If you’d like to know what we did, call the experts at Applied Acumen.
We have many tens of thousands of customers – what level of retention should we have?
The answer is that you get the retention you deserve!
Applied Acumen can help you benchmark your customer retention level, but moreover we can help you identify the level of retention you should be aiming for, and how you can achieve it.
One thing we do know – by following our method you can improve your customer retention. The question is: what would that be worth to you?
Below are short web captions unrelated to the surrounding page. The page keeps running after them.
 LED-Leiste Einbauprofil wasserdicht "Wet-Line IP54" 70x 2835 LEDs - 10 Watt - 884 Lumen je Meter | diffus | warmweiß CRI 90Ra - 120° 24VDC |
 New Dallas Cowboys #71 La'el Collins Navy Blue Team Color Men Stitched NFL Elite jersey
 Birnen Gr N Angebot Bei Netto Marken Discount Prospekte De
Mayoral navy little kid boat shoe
Call us to find out.
How do you overcome the price sensitivity issue?
All customers are value sensitive, only some customers are price sensitive.
In working with you we help you distinguish between the two, and leverage that difference to your advantage.
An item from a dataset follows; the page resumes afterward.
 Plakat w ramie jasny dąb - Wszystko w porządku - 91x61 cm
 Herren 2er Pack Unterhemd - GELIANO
Our customer data is not great, can you still help?
Very few businesses have great data, so we are used to it!
Typical gaps in data include:
- Customer address details
- Contract terms missing, or unknown
- Customer contact details not known or missing
- Service history not known, or incomplete
- Pricing benchmarks not known
- Order history incomplete or missing
- Customer needs and wants not defined or known
- Product margin not known
This is not an exhaustive list of the information we would work towards, but acknowledging the gaps is the first step toward improvement.
We put all our efforts in to the accounts of high value – what’s wrong with that?
This is the classic approach taken by almost everyone, and it is counter intuitive to state that it is wrong, but it is wrong!
Your largest accounts have no doubt been won through a bidding war, covering many aspects all wrapped up in a governing service level agreement (SLA) of some kind, but almost certainly the cost was a major determining factor.
Your best sales people and account managers are on it, chasing the high commission and kudos no doubt associated with it, and are possibly tied in to the relationship as part of the contract.
With all the effort, the negotiation, the teasing out of terms, where is this large contract going from here? Will the customer have an epiphany in 3 months, realise that they should indeed have bought all those add-ons and extras that bump up your margin, and throw in a bonus for good measure?
Or will this already-by-definition high spending customer be keen to track your service performance, monitor complaints of it’s service users, and examine which bits of the service they could actually do without and so pick apart the costs to seek savings on this extraordinary spend?